“Twenty years from now you will be more disappointed by the things that you didn't do than by the ones you did do. So throw off the bowlines. Sail away from the safe harbor. Catch the trade winds in your sails. Explore. Dream. Discover.”- Mark Twain

Wednesday, December 9, 2015

Chasing the Sun

I arrived to Tokyo early this afternoon. Didn’t sleep a wink, watched about 4 movies, mostly featuring Tom Hanks. Japan must love him like Germany loves Hasselhoff.
I went to the Opera last night in Chicago. Came home with an Uber ride around 9 pm and crashed to Ane Brun (it's been a theme). My internal clock woke me up at 630, and I smiled at the ceiling. As I went to wake my friend up (whom was to be traveling to Asia with me) she told me she was too sick..so much that she cancelled her ticket. 
I was not mentally prepped for a solo trip- but once again- "life happens when you're busy making plans" (also been a theme with me).
Got dropped off and checked in with JAL (Japanese Airlines).
The day flight was what tripped me up. I spent my entire day in a cylinder..chasing the sun. (But hey- free Kirin beer)
Through customs and onto a coach bus for an hour to another airport…but through Tokyo city first.
Its @1600 here, I believe I skipped a day, not quite sure…but am confident that I am in the future.
The the air is chilly but refreshing, the trees are lush, the birds the color of pandas and origami cranes have come alive parallel to my bus window. Here goes another adventure. Onward towards happiness and smiles. Who knows where I will go, where I will end up, what I will encounter, who I will meet, what lies ahead.  For now, it’s a day here in the city, and for tomorrow, it's Vietnam. 

Bring it on life, I’m stoked to smile and shine!

(updates to come:))



Thursday, November 19, 2015

The Blank Spaces


It smells like pancakes and all I can hear are the waves.

I’ve been thinking of those spaces between the words- when we read/write them.
We need them. They are blank, they seem like nothing, rather than the something that they are. Without those spaces we wouldn’t be reminded to pause-and breathe.

The blank spaces force you to stop. Force you to pause.

When we are writing it forces us to pick up that pencil or pen and move over a little. Sometimes it grants us an ever longer pause and a re-think. We may question midway through what we are doing, what direction we are going, is the road ahead the correct one?

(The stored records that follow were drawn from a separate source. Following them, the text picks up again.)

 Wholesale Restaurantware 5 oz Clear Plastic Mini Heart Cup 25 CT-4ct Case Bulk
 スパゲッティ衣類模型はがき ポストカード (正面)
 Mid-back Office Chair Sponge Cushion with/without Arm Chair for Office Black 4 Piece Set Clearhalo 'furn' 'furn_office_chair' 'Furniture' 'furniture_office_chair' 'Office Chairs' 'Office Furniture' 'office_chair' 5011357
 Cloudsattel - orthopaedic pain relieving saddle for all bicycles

When we are reading we have already let ourselves go to the task. Some part of us is open to take in the words that are simply ink to paper in front of our eyes. In the spaces between the words, we pause, our eyes skip over. Sometimes it gives us a breather. It clearly separates thoughts, and different situations.

Life gives us those blank spaces.
Without knowing what to do with them is what many of us equate to boredom. To ‘a lul,’in a ‘bit of a slump.’ What awful adjectives to describe life and living...
I think that if we place sluggish and unattractive adjectives between the exciting, adventurous words of our lives we quite simply- misuse the pause.

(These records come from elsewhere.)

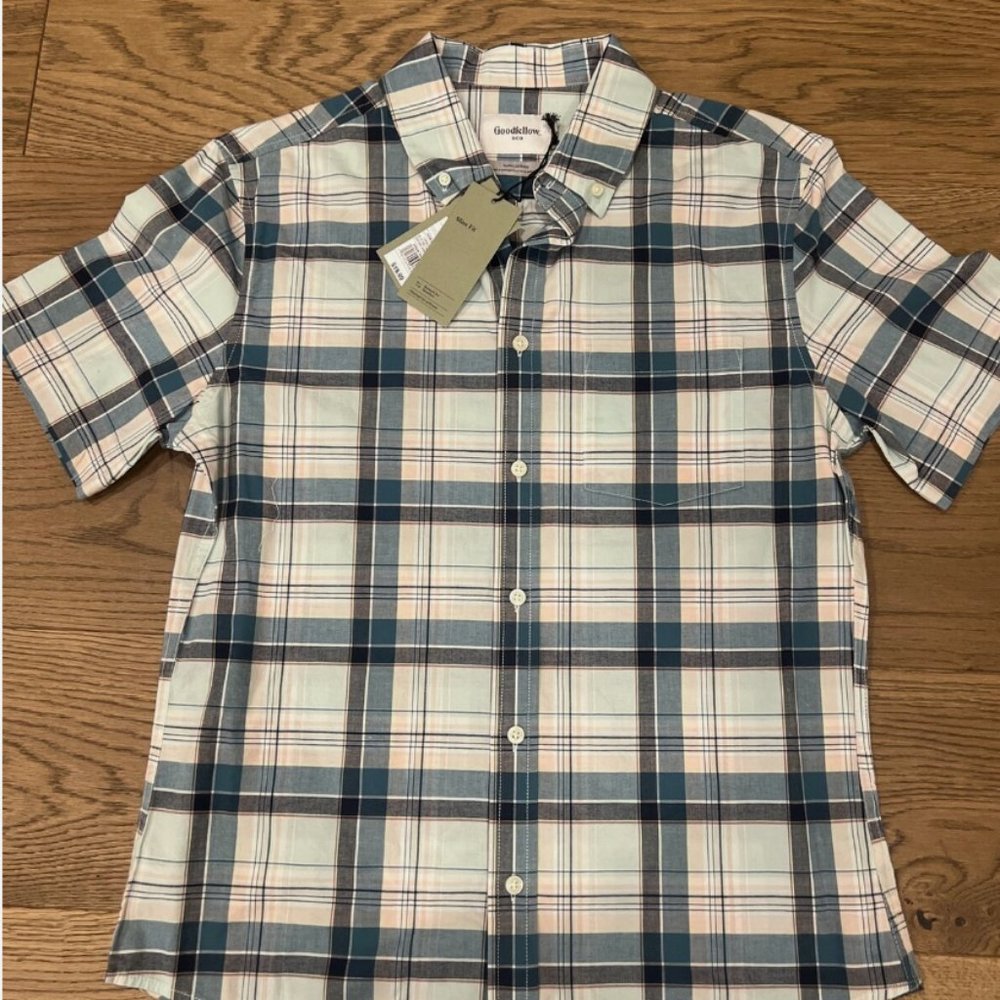 Unworn Goodfellow Slim Fit Flannel Short Sleeve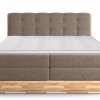 Postel boxspring s úložným prostorem a LED osvětlením MELISSA dub masiv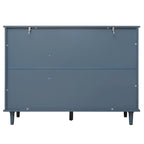 Retro Style 47.24 Horizontal Dresser with 3 Drawer and 3 Door, Carved Panel for Bedroom, Living Room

Life is saying BREATHE. This space is necessary, you will see.


With the most respect, love, and kindness,

Brooke




Wednesday, November 18, 2015

Being Alone on an Explorer Ship

Every morning I wake up and it takes me about 3 full and complete seconds to realize that no little dog is jumping at my feet or there for kisses.

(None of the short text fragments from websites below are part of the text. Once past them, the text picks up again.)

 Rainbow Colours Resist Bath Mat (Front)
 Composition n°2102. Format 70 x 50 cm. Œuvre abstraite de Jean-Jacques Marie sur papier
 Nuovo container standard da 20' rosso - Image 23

Eating my meals is different, looking at time is different. Coming home is different. My priorities are different.

I have not been alone in over 10 years. It has always been me and my little magical dog. And now its me and my gemstones and crystals and the earth.

It's different. I'm not a fan. I feel lonely. I feel lost. I feel bored. I feel sad. I feel sleepy.

Tucked up in a mysterious yellow tiki hut above the crashing surf makes me feel even further from the real world than ever.

Beautiful sadness. Breathtaking scenic loneliness.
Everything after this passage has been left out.